Margin Accounts and Margin Requirements

Quick Answer

A margin account lets a customer borrow from a broker-dealer against securities held as collateral. Regulation T generally requires 50% initial margin for marginable equity securities, while Financial Industry Regulatory Authority maintenance requirements set the minimum equity that must remain after purchase. Requirements differ for long, short, and non-margin-eligible positions.

A margin transaction has two separate equity tests: one at purchase and one after the position is open.


Margin Account Basics

  • Margin account: A brokerage account in which a customer may borrow funds from the broker-dealer, using account securities as collateral.
  • Initial margin: Customer equity required when purchasing securities on margin. Regulation T generally requires 50% initial margin for marginable equity securities.
  • Maintenance margin: Minimum equity that must remain after purchase under Financial Industry Regulatory Authority (FINRA) margin rules.
  • Margin call: A demand for additional funds or eligible securities when account equity falls below an applicable requirement.
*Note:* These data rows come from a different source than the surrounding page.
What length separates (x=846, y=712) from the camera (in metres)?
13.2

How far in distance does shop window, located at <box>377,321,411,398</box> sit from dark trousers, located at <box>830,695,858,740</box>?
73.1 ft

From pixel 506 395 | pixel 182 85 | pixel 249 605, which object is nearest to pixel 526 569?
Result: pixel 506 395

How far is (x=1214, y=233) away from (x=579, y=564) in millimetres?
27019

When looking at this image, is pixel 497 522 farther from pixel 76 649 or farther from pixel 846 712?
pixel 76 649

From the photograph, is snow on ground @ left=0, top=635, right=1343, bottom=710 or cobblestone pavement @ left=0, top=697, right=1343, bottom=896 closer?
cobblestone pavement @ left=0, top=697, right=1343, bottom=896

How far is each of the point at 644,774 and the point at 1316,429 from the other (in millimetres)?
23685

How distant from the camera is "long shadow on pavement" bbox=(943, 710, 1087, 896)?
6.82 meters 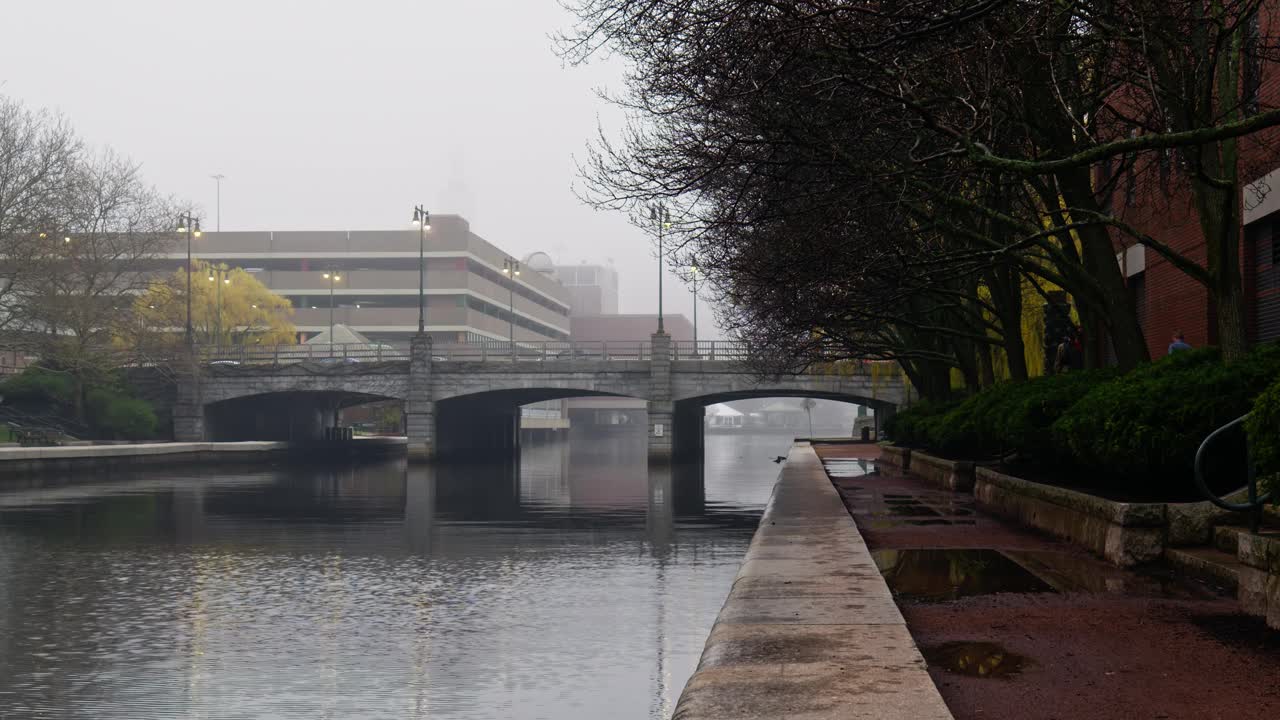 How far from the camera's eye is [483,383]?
75.5m

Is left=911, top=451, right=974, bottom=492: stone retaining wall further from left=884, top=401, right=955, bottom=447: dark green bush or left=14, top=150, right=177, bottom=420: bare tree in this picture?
left=14, top=150, right=177, bottom=420: bare tree

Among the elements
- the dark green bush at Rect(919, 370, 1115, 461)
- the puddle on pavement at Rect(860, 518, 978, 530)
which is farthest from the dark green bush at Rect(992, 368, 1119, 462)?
the puddle on pavement at Rect(860, 518, 978, 530)

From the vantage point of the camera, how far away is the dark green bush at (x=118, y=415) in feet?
218

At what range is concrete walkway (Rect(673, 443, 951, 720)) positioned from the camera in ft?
20.4

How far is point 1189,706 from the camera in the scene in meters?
6.70

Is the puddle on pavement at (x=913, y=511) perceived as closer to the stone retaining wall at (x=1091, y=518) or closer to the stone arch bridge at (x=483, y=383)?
the stone retaining wall at (x=1091, y=518)

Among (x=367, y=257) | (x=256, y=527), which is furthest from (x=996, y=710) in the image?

Initial margin → establishes the position. Maintenance margin → measures whether the open position still has enough equity.

Initial and Maintenance Requirements

Position or securityInitial-margin treatmentMinimum maintenance requirement
Long marginable equity securityGenerally 50% under Regulation T25% of current market value
Short equity security priced at $5 per share or moreGenerally 50% under Regulation T$5 per share, or 30% of current market value, whichever is greater
Short equity security priced below $5 per shareGenerally 50% under Regulation T$2.50 per share, or 100% of current market value, whichever is greater
Non-margin-eligible equity security, long100% payment required100% of current market value
  • Requirements vary by security and by whether the position is long or short.
  • A firm may impose a requirement more stringent than the applicable federal or FINRA minimum.

Think of it this way: Initial margin is the down payment for opening the position. Maintenance margin is the equity floor that applies while the position remains open.

Exam Tip: Gotchas

Initial margin answers the purchase question. Maintenance margin answers the ongoing-equity question. Do not use the 50% initial-margin figure to answer a question about equity required after a position has been established.